Shawn's Survivor Story
In May 2014, at just 39 years old, I was diagnosed with liver cancer. I had no family history of cancer, never drank, smoked, or did drugs—I was healthy. I wasn’t even entirely sure where my liver was located. What I did know was that I had been feeling pressure in my abdomen and experiencing shortness of breath for weeks. Thinking it was just gas, I finally went to the ER, half-expecting them to laugh and send me home.
They didn’t. Instead, they found a tumor the size of a grapefruit on my liver, pressing against my organs.
Within days, I was at a cancer center in New York City. A surgery date was set, and just two weeks after my diagnosis, I underwent a liver resection to remove the left lobe of my liver and my gallbladder. I spent a week in the hospital recovering while they ran follow-up tests. By the grace of God, no chemotherapy or radiation was needed, and there was no evidence of the cancer spreading. My doctors determined the cause—a mutant gene.
With a clean bill of health, I went on with my life. At the time, my daughters were just 8 and 11 years old. I recovered in six weeks, with only a scar down my abdomen as a reminder of what had happened. We celebrated by going to Disney. Life moved forward.
Then, in October 2014, I returned to New York City for a follow-up appointment. I had new scans, then met with my doctor. When he asked how I was feeling, I answered, “Great!” His response changed everything: “Well, we found some new tumors—four in your lungs and two more in your liver. You’ll need to begin chemotherapy immediately.”
There had been no warning signs, no pain. Yet in an instant, I went from stage 1 to cancer-free to stage 4 terminal. My diagnosis: Combined hepatocellular cholangiocarcinoma (cHCC-CC), a rare and poorly researched cancer. My doctors told me I’d be on chemo indefinitely. The five-year survival rate was bleak. In my case, they gave me a year.
My first chemo was on October 16, 2014. My last was in mid-April 2022. Every week for nearly eight years. I took breaks here and there—summer vacations, school events, holidays—but chemo was a constant.
By 2017, the cancer had progressed significantly. I had more than 20 tumors and lesions in my lungs, and it had spread to my brain. On my birthday, September 19, 2017, my doctors gave me three months to live. They switched my chemo to a “last-ditch effort”—a treatment not even designed for my type of cancer. Surgery wasn’t an option.
I planned my funeral. I wrote out cards for my daughters for all the milestones I expected to miss—their birthdays, graduations, weddings, pregnancies. They were 12 and 15. I even transferred the electric bill into my husband’s name so he wouldn’t have to deal with the hassle after I was gone. I often joked that I’d be micromanaging from the grave.
Then, something incredible happened.
I underwent brain radiation, and that “last-ditch effort” chemo worked. Within nine sessions—just three months—85% of my lung tumors disappeared, and my liver tumors were gone. My body was reabsorbing the dead tissue. We got the news the week before Christmas. I was still running around, doing PTA mom duties, taking my girls to dance and gymnastics.
The brain tumor never came back. The radiation was a single high-beam treatment, but it left its mark. Scar tissue causes some short-term memory loss and confusion years later. Follow-up scans would sometimes show “something,” but second opinions always confirmed it was just necrosis—dying tissue where the tumor had been.
In total, I’ve endured countless blood draws, radiation, CT scans, MRIs, X-rays, more than 200 chemo sessions, and 8 or 9 airway surgeries.
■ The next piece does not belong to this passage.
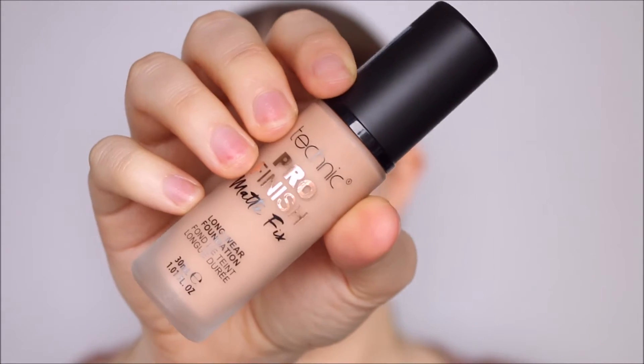I'm starting with clean moisturized skin. Here's the foundation — this is the Technique Pro Finish Matte Fix Longwear Foundation. This claims to look professional, be matte, and be long wearing, so that's what we're going to test today. Hopefully the color is good — I have it in Ivory, it looks a tiny bit dark in the bottle but I think I should be able to make it work. I always use a primer before my foundations, so I'm going to use this Garnier Optical Blur Primer. This will blur out my pores around my nose, cheeks, and chin, but it won't change the finish of the foundation or really prolong the wear. So now let's do the foundation.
Yet, remarkably, I have no long-term organ damage. Lung radiation did leave me with a permanently collapsed upper right lung, and I use an inhaler when needed. At one point, a tumor the size of an open palm was crushing my airway. When chemo didn’t shrink it, I had 15 targeted radiation treatments—and it worked.
Today, my daughters are 19 and 22, and we are forever planning another Disney trip.
I’ve learned that statistics don’t define us. Research matters. Hope matters. And despite everything, I am still here.